L’aéroport d’Ottawa obtient une injonction, mais pas  le départ des chauffeurs de taxi en lock-out

Excédées par le mouvement des chauffeurs de taxi, qui occupent depuis quatre jours le devant de l'aérogare, les autorités aéroportuaires d'Ottawa ont obtenu une injonction qui encadre la protestation des manifestants.

Dans sa décision, le juge a décidé que les chauffeurs pouvaient former une ligne de piquetage de 20 personnes, sur le terre-plein devant la zone des arrivées, tant que cela se faisait de manière respectueuse.

Les chauffeurs de taxi ont le droit de distribuer des tracts à la porte sud de l'aérogare, près du kiosque d'OC Transpo, et près de la porte centrale.
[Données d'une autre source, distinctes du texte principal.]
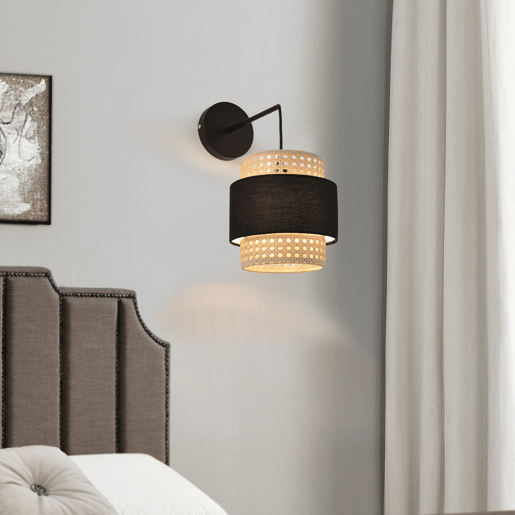 2 Candeeiros de parede Southampton 1xE14 metal-plástico 36x30x18 cm - Preto e Bege lux.pro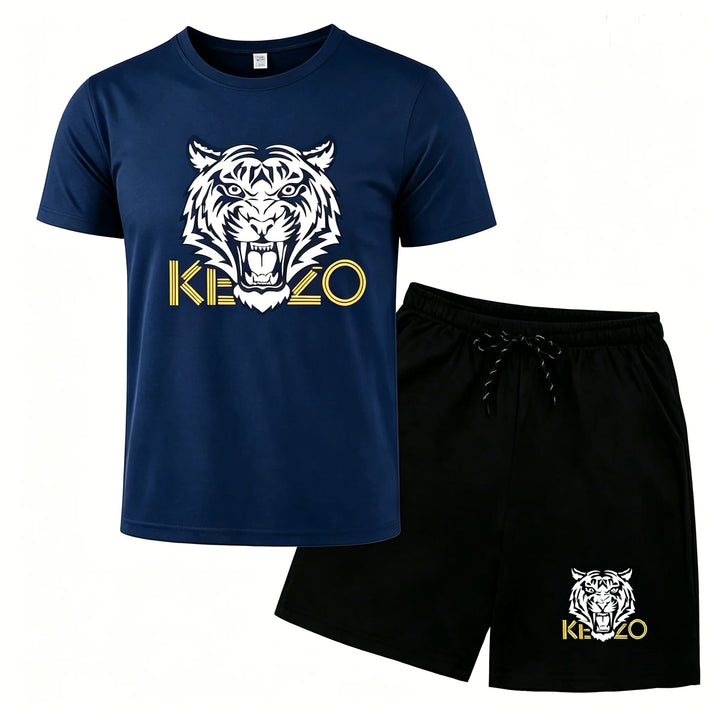 Conor – Tiger-Print Sports Set – T-Shirt and Shorts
Ils peuvent en outre poster deux personnes à la porte qui donne accès à la zone des départs.

Ils peuvent aussi former une ligne de piquetage pendant un maximum de 18 heures par jour et seulement 10 voitures peuvent effectuer des rotations autour de l'aéroport.
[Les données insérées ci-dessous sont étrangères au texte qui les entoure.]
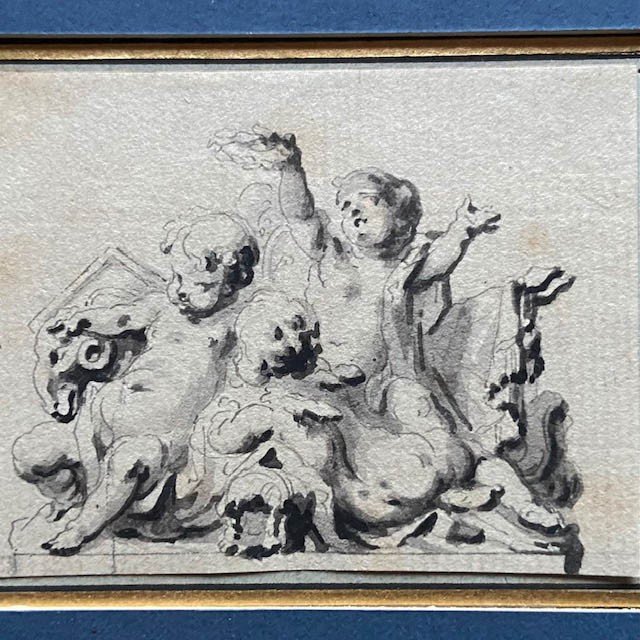 Attributed To Charles Eisen (1720-1778), Putti Triomphants, Ink, Wash, Beautiful Old Golden Frame-photo-2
Les chauffeurs ne peuvent cependant plus utiliser de porte-voix ou de mégaphones pour crier leur colère.

L'injonction est permanente et entre en vigueur dans l'immédiat.

Une question de sécurité

L'aéroport d'Ottawa demande à la cour de mettre fin aux protestations bruyantes des chauffeurs de taxi, pour des raisons de sécurité.

« Nous avons ressenti le besoin de déposer une injonction, afin de garantir la sécurité de nos passagers, de nos employés et de toutes les personnes sur qui [ce lock-out a] a un impact », explique la porte-parole de l'aéroport, Krista Kealey.

En cette quatrième journée de lock-out, quatre autobus ont été placés devant l'aérogare, afin d'empêcher les chauffeurs de former une ligne de piquetage et de permettre aux autres compagnies de taxi d'embarquer des passagers.

Les chauffeurs ont décidé de faire le tour de l'aéroport en klaxonnant, pendant que d'autres protestataires criaient des messages à l'aide de porte-voix.